#### Record extracts ####

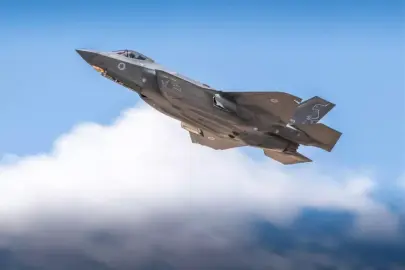 Cephede hareketli saatler! Bu iddia doğruysa tarihte bir ilk olacak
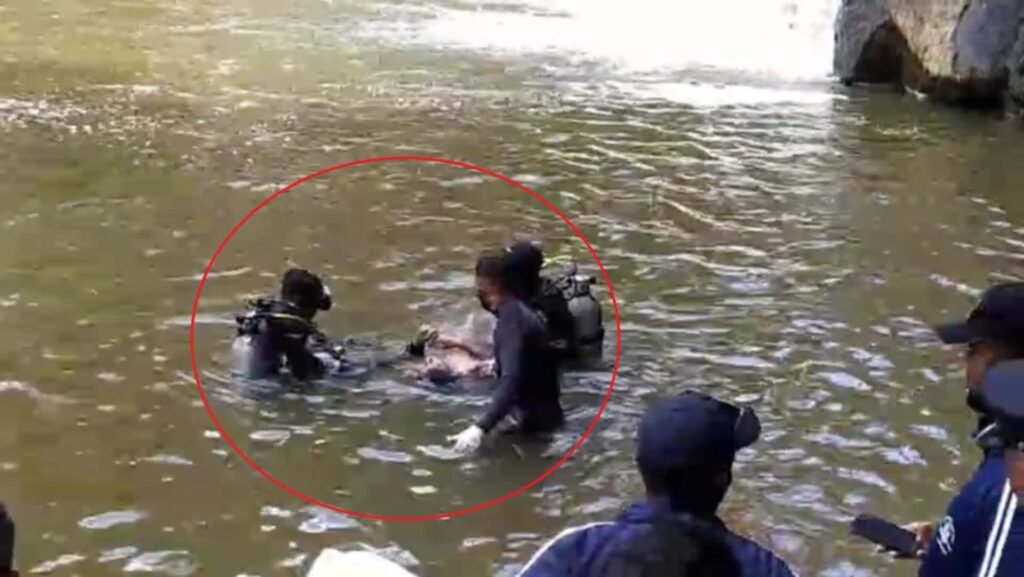 FB_IMG_1775388542468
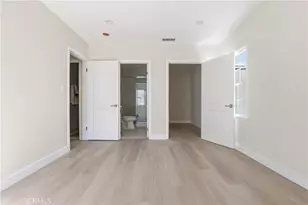 6200 W 77th St, Los Angeles, CA 90045 - Photo 41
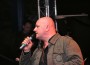 Heute: Rolf Stahlhofen & friends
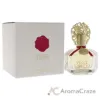 Picture of Vince Camuto by Vince Camuto for Women - 3.4 oz EDP Spray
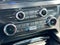 2026 Ford F-250SD Lariat 4WD CREW CAB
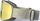Kiona Topaz II Ski Goggle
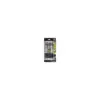Pilot G2 Gel Pen Ultra Fine Point Black Ink 5/Pack (31306) 755964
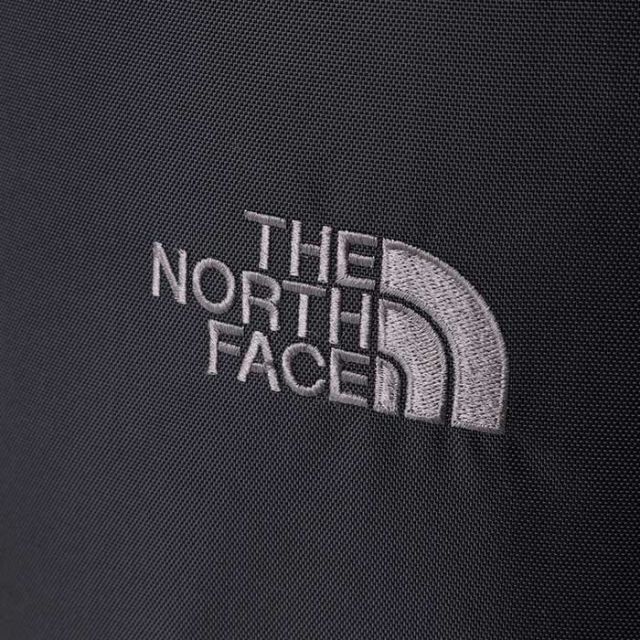 ザ・ノース・フェイス リュック THE NORTH FACE NM72350 VOSTOK 26 ボストーク26L デイパック バックパック バッグ ユニセックス  (240112)ノースフェイス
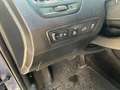 Hyundai iX35 ix35 2.0CRDI Style 4x4 Aut. 184 Style Azul - thumbnail 8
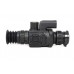 Тепловизионный прицел Arkon Arma LR35L модель LR35L от Arkon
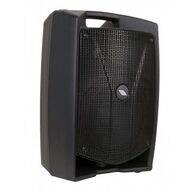 רמקול מוגבר PROEL V8PLUS למכירה , 2 image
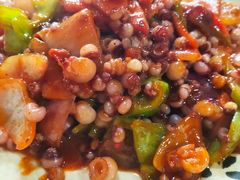 -贤花饭店(凯德店)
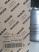 FUEL FILTER INSERT 51125030040, 51.12503-0040 - MAN Parts - Foto 2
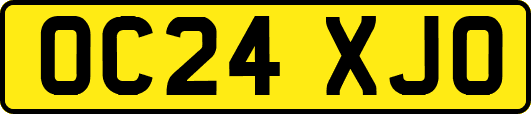 OC24XJO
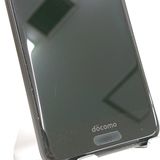 AQUOS sense SH-01K ɥ ٥٥åȥ֥å c14896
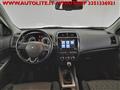 MITSUBISHI ASX 2.0 2WD GPL Bi-fuel Intense SDA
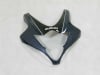 Motorcycle Fairings Kit - 2005-2006 Suzuki GSXR 1000 White/Blue OEM Style Fairings | NS10506-31 - Image 3 of 0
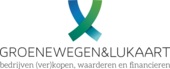 Groenewegen & Lukaart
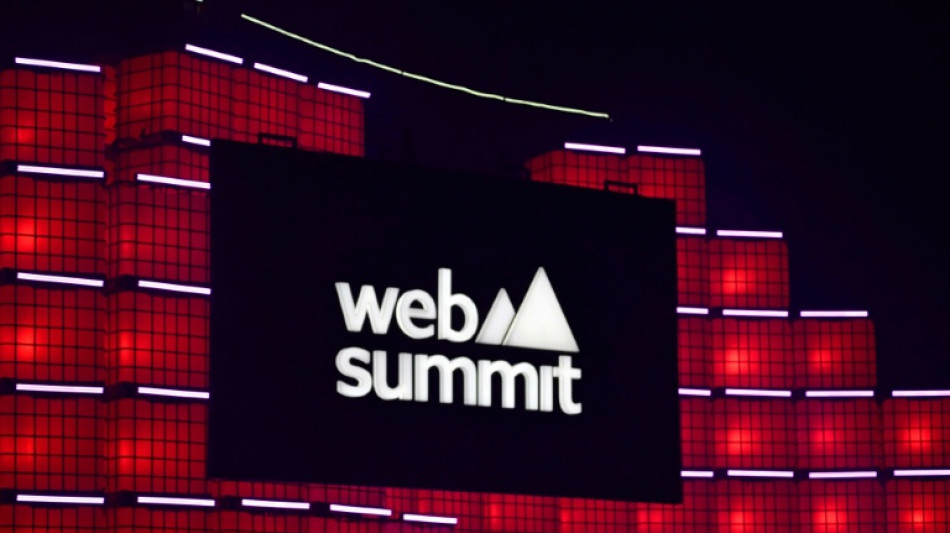 IA, regulaci&oacute;n y desaf&iacute;os comerciales, a debate en Web Summit de Rio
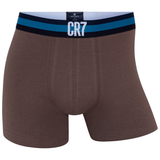 CR7 Trunks 5 Pack Fashion Men Travel Bag Multicolour – official CR7 underwear Europe mycr7.eu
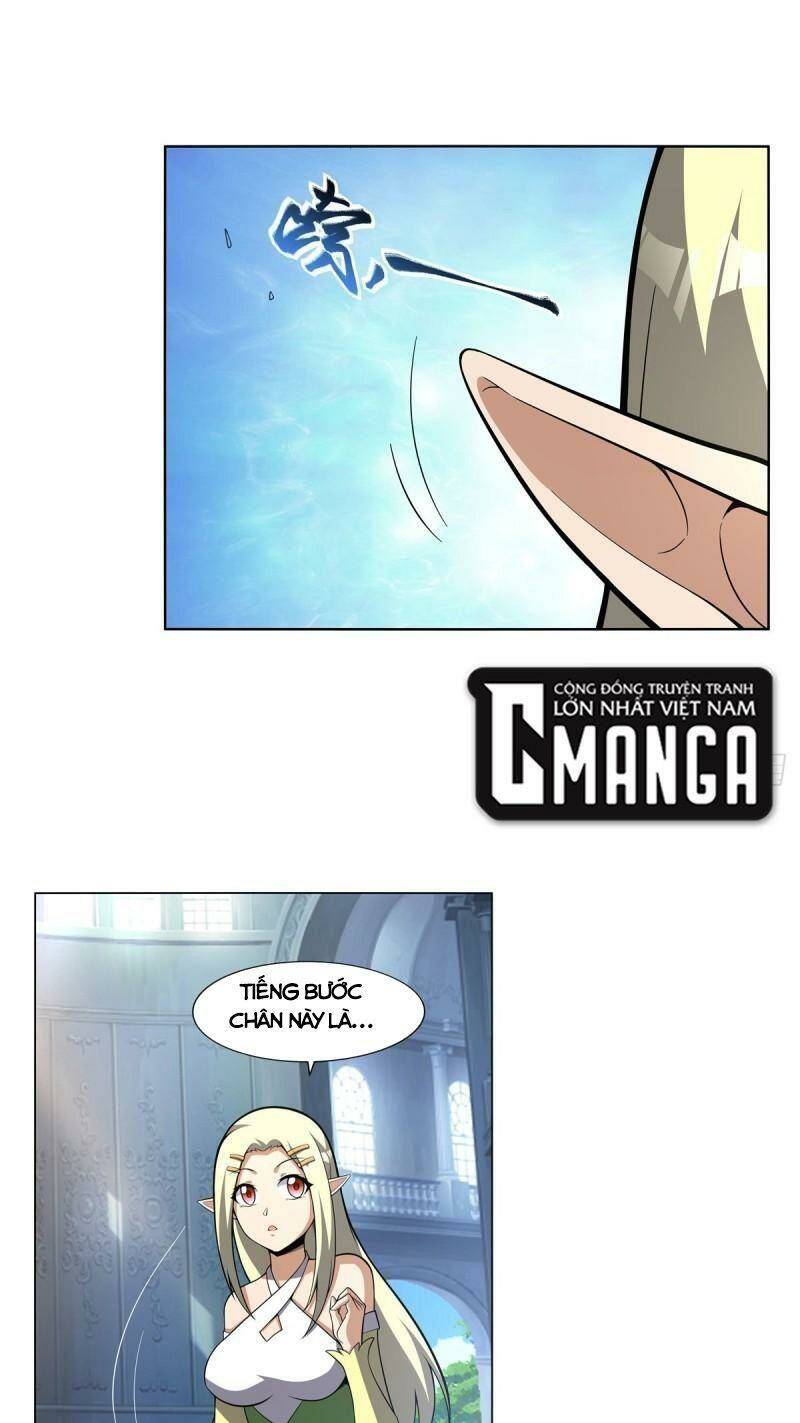 page_27.jpg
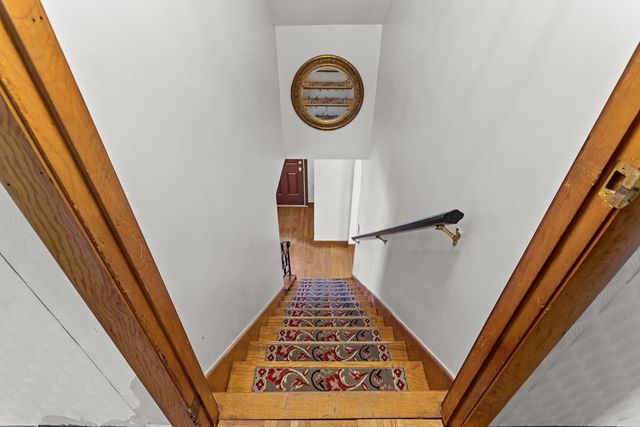 29 Winslow Way, Lynn, MA 01904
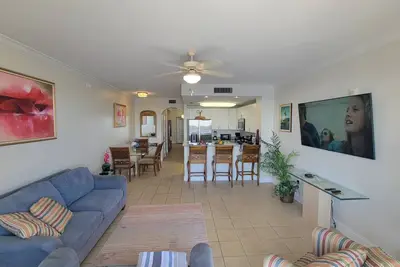 Image de Appart'hôtel à Lakeview près de Disney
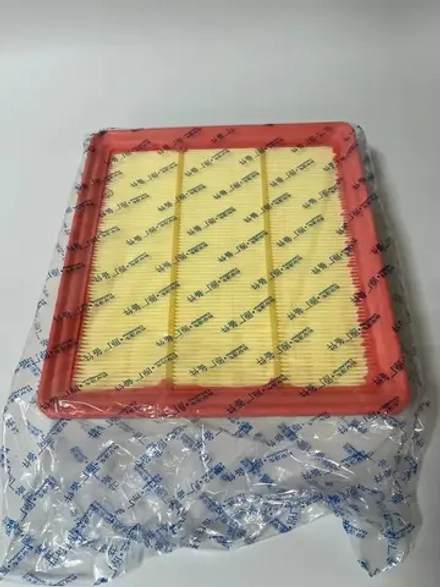 Воздушный фильтр Changan CS75 Plus 2.0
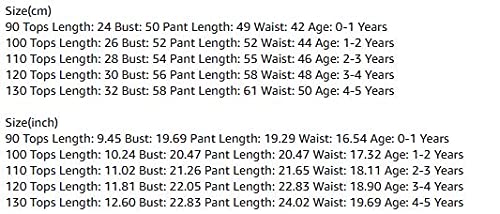 Toddler Baby Girl Ripped Jeans Outfit Ruffle Fly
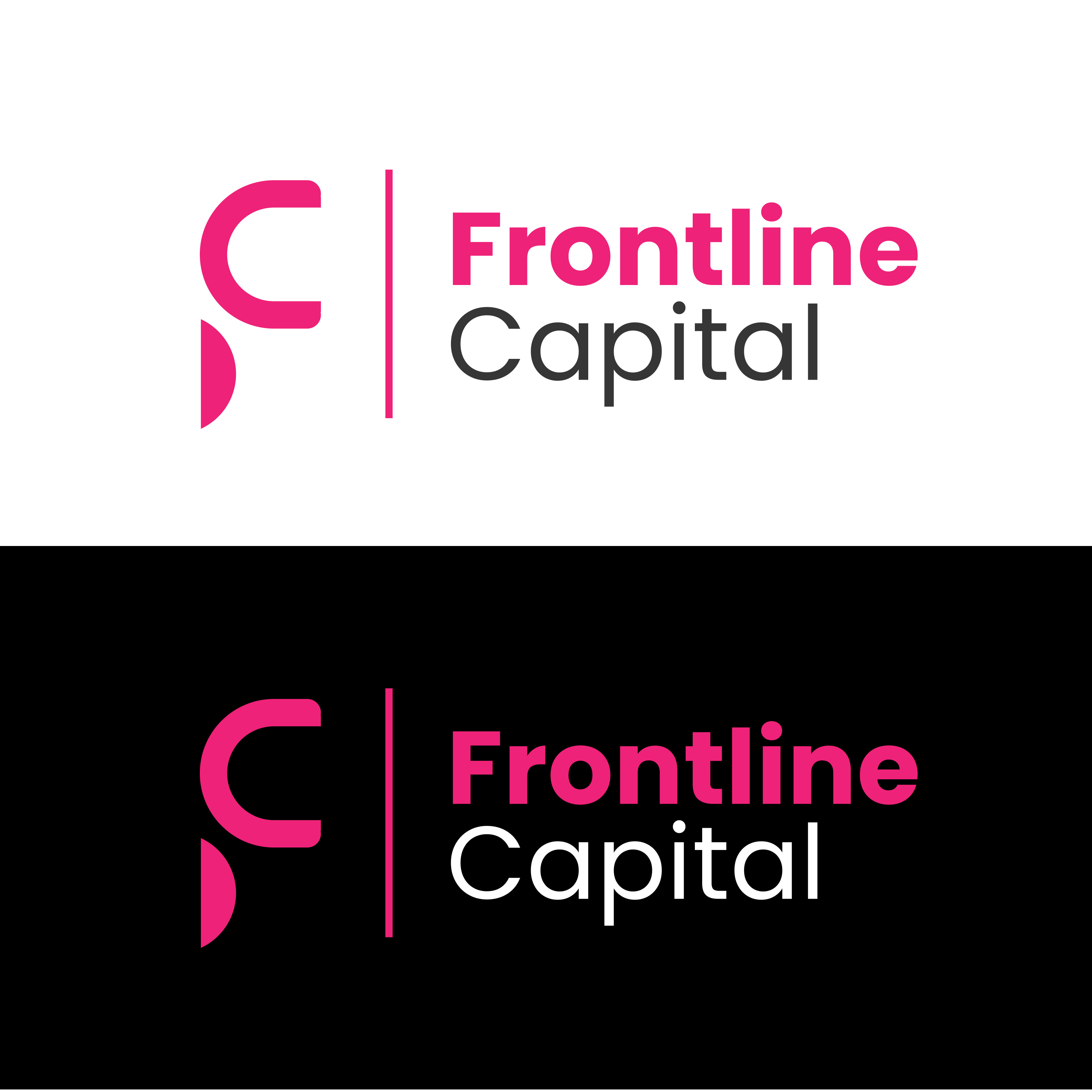 Logo Design by DESIGN SOLUTIONS 007 for this project | Design #33545072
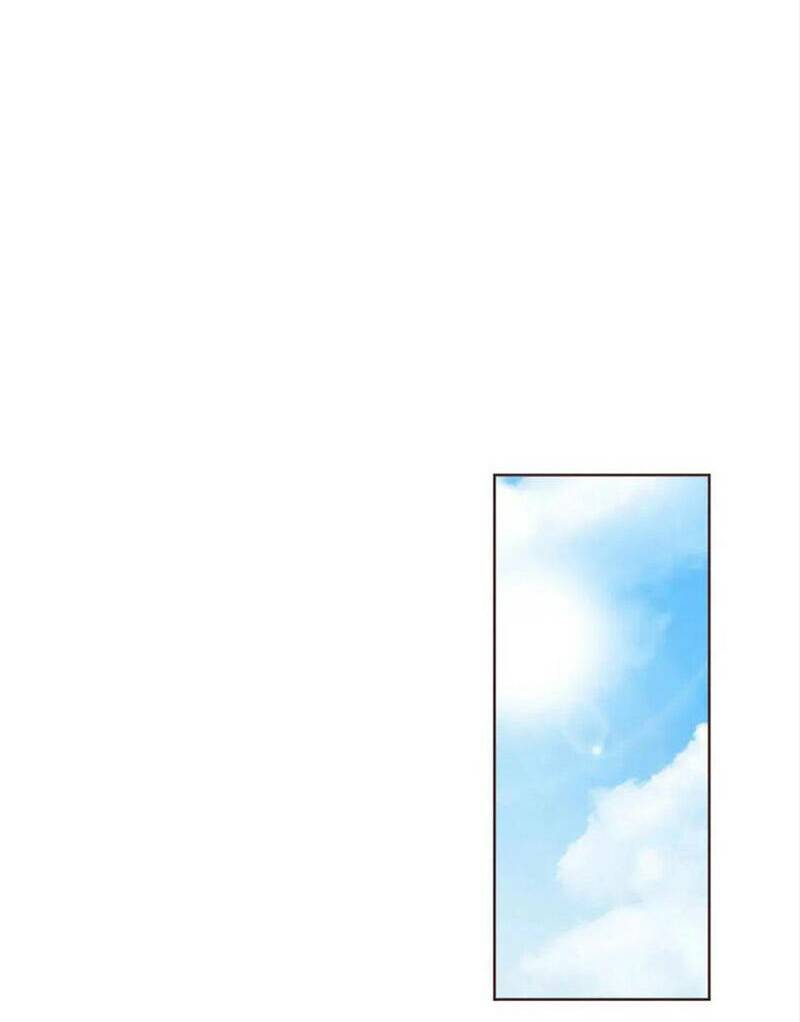 nhặt được bảo bối manh manh chapter 37 29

####

> _Requirement_
Everything from the first line of the records through the line containing "Pilot G2 Gel" should be reproduced exactly, apart from the pictures.

> _Reply to the exercise_
 Cephede hareketli saatler! Bu iddia doğruysa tarihte bir ilk olacak
 FB_IMG_1775388542468
 6200 W 77th St, Los Angeles, CA 90045 - Photo 41
 Heute: Rolf Stahlhofen & friends
 Picture of Vince Camuto by Vince Camuto for Women - 3.4 oz EDP Spray
 2026 Ford F-250SD Lariat 4WD CREW CAB
Kiona Topaz II Ski Goggle
Pilot G2 Gel Pen Ultra Fine Point Black Ink 5/Pack (31306) 755964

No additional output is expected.